Les accusations de Tony Mwaba s’inscrivent dans cette optique. Ce député de l’UDPS accuse les autorités éducatives d’utiliser la masse salariale des enseignants pour le patronage politique, l’ajout d’enseignants fictifs (environ 100 000, sur un total d’environ 400 000 enseignants), la création de bureaux et postes administratifs en dehors des besoins, l’ajout d’enseignants d’écoles privées à la masse salariale de l’État, entre autres. Des contre-accusations ont immédiatement suggéré que des acteurs puissants – le vice-président du Parlement Jean Marc Kabund (président de l’UDPS) et l’ancien ministre de l’Éducation Mwangu – avaient instrumentalisé M. Mwaba, révélant le caractère hautement politisé de la politique de la gratuité. Mais ces accusations pointent également vers un obstacle majeur auquel la réforme de la gratuité se heurte, au-delà de la carence de fonds publics pour supplanter les contributions des parents, à savoir un manque de connaissances sur qui travaille réellement comme enseignant. En effet, même si le problème financier était résolu, la politique de gratuité ressemble à une marche les yeux bandés sur une jambe. Nous expliquons ci-dessous pourquoi il en est ainsi.

Contrôler les salaires des enseignants : mission impossible ?

Les parents ont manifestement réagi avec enthousiasme à la politique de la gratuité : ils ont immédiatement retenu leurs contributions financières et envoyé tous leurs enfants à l’école. Pourtant, les enseignants qui ne faisaient pas partie de la masse salariale ont perdu leur principale source de revenus et nombre d’entre eux se sont absentés des écoles. En conséquence, les salles de classe ont été débordées d’élèves. Tout cela a accru la pression sur le gouvernement pour la mécanisation et la rémunération rapide des enseignants. En février 2020, le MEPST, le ministère de l’Enseignement Primaire, Secondaire et Technique, a lancé « l’Opération d’identification des enseignants – Nouvelles Unités, écoles et gestionnaires » et a promis de mécaniser et de payer tous les enseignants jusqu’à avril 2020.

Cependant, l’administration publique congolaise n’a jamais eu une vue d’ensemble complète des enseignants.

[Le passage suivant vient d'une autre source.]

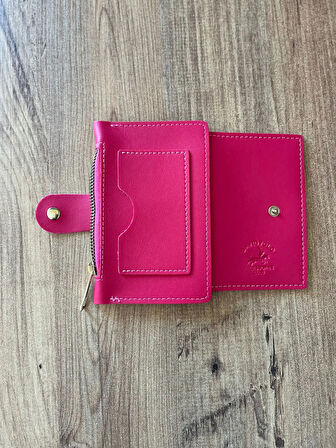 Kadın Kartlık ve Cüzdan Suni Deri - Pembe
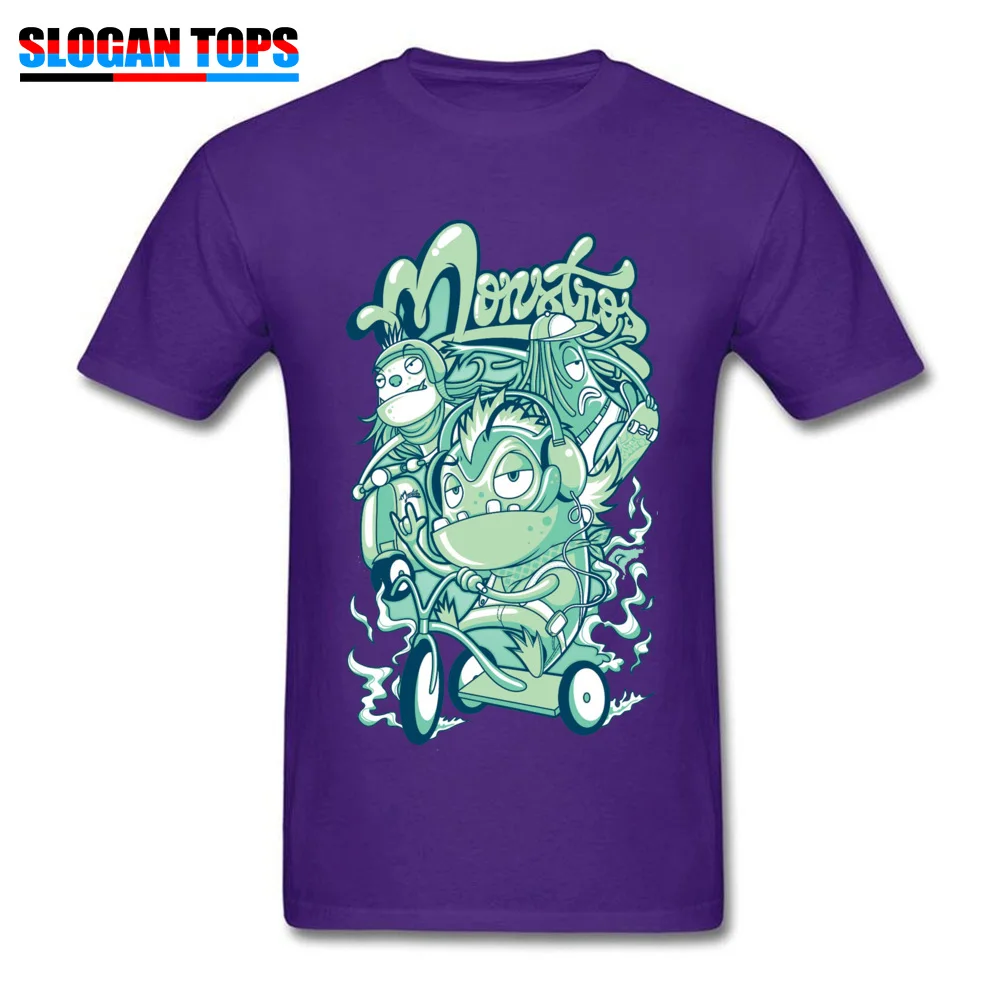Normal 2018925Y92 Boy Top T-shirts Retro Summer/Autumn Short Sleeve Crewneck Cotton Tops Tees Fitness Tight Tee Shirt 2018925Y92 purple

Dans les années 1970 et au début des années 1980, aucun détail de ce genre n’était nécessaire : la Banque centrale transférait des montants mensuels toujours croissants aux provinces et aux réseaux scolaires, qui recrutaient leurs enseignants localement. Pendant la période d’ajustement structurel, le FMI identifia l’administration publique du Zaïre comme une source majeure de fuites, et le SECOPE (Service de Contrôle et de la Paie des Enseignants) – une nouvelle direction au sein du ministère de l’Éducation chargée de contrôler la paie de tous les enseignants – fut alors créé en 1985. Cette direction fortement réputée et redoutée ne fut cependant pas épargnée par l’effondrement de l’État dans les années 1990. Certainement, l’écart croissant entre la réalité officielle et les pratiques réelles a insufflé une flexibilité importante aux réseaux scolaires, capables de remanier rapidement les salaires afin que ceux qui sont vraiment en salle de classe puissent être payés. Pourtant, cette même flexibilité a également facilité les mauvaises pratiques au sein du SECOPE – le genre d’activités dénoncées aujourd’hui par Tony Mwaba.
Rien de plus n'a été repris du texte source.